Race Director Report: Justin Taylor explains:
02 September 2015
At the Crew Briefing the day before the departure from St. Katharine Docks, I predicted that the yachts would be somewhere in the vicinity of Ushant between 48 and 60 hours of the start. Here we are at 46 hours after the start and the yachts have arrived in this area. So far they have made very good progress having averaged 9.4 knots of boat speed since the start. Unfortunately, seven of the yachts have been caught the wrong side of the tidal gate at Ushant and appear to be sailing backwards.

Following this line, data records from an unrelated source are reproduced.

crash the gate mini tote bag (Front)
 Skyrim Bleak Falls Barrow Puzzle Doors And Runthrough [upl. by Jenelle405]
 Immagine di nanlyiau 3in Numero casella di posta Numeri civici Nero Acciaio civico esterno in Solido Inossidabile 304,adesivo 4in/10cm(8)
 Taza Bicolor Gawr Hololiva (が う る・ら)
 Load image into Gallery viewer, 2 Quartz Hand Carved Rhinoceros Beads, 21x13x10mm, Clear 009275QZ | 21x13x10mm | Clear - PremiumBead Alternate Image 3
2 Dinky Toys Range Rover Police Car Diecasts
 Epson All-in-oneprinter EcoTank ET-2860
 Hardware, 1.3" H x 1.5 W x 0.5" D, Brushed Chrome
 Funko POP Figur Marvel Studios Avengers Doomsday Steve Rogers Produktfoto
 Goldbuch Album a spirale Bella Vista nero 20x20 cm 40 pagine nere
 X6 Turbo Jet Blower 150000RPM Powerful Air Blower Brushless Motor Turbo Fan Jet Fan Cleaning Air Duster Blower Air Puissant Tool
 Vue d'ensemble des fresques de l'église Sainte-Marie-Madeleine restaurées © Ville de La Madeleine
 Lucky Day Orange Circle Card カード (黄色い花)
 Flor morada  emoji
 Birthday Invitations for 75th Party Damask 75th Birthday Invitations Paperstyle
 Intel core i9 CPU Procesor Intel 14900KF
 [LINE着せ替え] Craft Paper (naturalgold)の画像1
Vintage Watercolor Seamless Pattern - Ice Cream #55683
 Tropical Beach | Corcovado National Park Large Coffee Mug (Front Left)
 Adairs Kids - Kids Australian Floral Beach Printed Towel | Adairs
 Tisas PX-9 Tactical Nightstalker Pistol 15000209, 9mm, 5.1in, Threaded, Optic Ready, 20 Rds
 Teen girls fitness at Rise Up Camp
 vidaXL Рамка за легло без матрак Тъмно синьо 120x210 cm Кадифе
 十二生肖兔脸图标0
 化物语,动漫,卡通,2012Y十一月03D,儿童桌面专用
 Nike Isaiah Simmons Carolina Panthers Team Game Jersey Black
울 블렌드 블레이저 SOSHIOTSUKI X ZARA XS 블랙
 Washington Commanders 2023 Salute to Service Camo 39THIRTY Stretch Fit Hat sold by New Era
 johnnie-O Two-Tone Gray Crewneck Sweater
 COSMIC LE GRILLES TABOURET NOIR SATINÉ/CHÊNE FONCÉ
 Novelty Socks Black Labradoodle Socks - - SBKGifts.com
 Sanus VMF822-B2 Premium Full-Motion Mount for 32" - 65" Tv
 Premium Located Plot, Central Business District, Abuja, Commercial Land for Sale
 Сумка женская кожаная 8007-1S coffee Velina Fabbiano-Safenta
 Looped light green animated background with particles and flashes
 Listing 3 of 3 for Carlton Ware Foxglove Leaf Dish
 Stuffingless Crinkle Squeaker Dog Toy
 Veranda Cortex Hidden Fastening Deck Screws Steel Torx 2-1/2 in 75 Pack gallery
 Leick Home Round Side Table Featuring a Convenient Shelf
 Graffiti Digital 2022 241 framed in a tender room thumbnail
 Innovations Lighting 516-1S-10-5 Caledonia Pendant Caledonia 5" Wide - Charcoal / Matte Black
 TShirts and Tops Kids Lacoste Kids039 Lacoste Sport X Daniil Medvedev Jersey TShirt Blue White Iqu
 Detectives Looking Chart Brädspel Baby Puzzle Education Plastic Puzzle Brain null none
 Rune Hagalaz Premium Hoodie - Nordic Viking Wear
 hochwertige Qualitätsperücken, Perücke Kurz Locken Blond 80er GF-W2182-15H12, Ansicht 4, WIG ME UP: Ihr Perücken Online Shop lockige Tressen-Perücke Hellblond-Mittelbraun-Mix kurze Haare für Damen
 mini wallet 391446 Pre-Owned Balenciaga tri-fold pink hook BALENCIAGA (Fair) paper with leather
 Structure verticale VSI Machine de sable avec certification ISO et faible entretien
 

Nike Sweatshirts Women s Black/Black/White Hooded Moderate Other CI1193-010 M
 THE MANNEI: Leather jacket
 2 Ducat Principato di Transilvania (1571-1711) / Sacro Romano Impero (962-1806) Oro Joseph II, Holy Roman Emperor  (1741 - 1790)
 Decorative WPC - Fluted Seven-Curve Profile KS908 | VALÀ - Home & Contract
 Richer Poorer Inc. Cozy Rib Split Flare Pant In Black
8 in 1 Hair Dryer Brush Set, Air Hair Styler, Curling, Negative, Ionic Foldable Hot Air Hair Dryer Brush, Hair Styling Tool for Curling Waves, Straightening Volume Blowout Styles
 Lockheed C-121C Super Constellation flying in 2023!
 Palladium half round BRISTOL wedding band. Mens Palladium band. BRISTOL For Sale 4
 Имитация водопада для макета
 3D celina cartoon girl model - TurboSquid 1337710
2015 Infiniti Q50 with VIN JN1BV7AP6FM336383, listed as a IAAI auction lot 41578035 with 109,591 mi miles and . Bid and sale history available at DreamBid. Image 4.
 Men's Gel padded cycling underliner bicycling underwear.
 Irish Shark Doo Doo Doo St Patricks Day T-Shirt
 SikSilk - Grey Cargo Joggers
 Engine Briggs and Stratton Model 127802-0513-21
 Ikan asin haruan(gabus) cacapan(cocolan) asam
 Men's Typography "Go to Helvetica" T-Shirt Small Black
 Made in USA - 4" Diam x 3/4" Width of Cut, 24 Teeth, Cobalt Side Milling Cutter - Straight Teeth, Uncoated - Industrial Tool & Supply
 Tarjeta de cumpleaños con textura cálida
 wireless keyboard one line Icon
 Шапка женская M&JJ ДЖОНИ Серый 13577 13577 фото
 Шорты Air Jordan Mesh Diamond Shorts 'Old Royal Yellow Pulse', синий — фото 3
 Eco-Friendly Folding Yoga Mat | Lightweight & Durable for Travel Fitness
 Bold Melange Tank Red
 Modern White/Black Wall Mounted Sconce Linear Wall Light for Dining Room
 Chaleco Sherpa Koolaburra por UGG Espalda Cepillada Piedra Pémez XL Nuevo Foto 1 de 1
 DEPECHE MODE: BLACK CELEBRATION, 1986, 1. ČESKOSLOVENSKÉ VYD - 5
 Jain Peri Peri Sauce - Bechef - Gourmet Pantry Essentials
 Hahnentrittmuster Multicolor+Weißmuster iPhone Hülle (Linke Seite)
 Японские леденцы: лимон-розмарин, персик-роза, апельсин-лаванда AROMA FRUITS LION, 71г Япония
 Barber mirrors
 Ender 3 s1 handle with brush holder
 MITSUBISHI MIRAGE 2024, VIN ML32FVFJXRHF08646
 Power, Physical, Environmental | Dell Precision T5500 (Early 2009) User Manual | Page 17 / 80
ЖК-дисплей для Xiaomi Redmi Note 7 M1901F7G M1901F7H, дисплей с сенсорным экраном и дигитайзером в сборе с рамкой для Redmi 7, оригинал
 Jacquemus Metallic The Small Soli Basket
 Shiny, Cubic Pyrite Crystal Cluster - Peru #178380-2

The tidal gate at Ushant is remarkably similar to those found at the Needles Channel (west end of the Isle Of Wight), Portland Bill (Dorset coast) or adjacent to the Channel Island of Alderney. These headlands and channels are characterised by powerfully strong tides as the contents of the North Atlantic force their way up or flood the English Channel before receding or ebbing some hours later. If a yacht judges the transition between the flood and ebb incorrectly they will be seriously hampered especially if the breeze is light and blowing from behind them, as is the case now. Those that judge it correctly will speed ahead of those left behind; a classic case of the rich getting richer and the poor getting poorer. The tide at this point off of Ushant is due to turn favourable at approx. 15.00 BST.
The wind direction at the moment in this area is north-westerly. With the yachts racing in a southerly direction 'away' from the wind it has the apparent wind speed of being less than its actual 8 knots. This is why sailing dead down wind is the slowest point of sail. If you combine this with the 5 to 6 knots of adverse tide produced by the tidal gate then you can begin to appreciate that perhaps the racing yacht's progress will be arrested.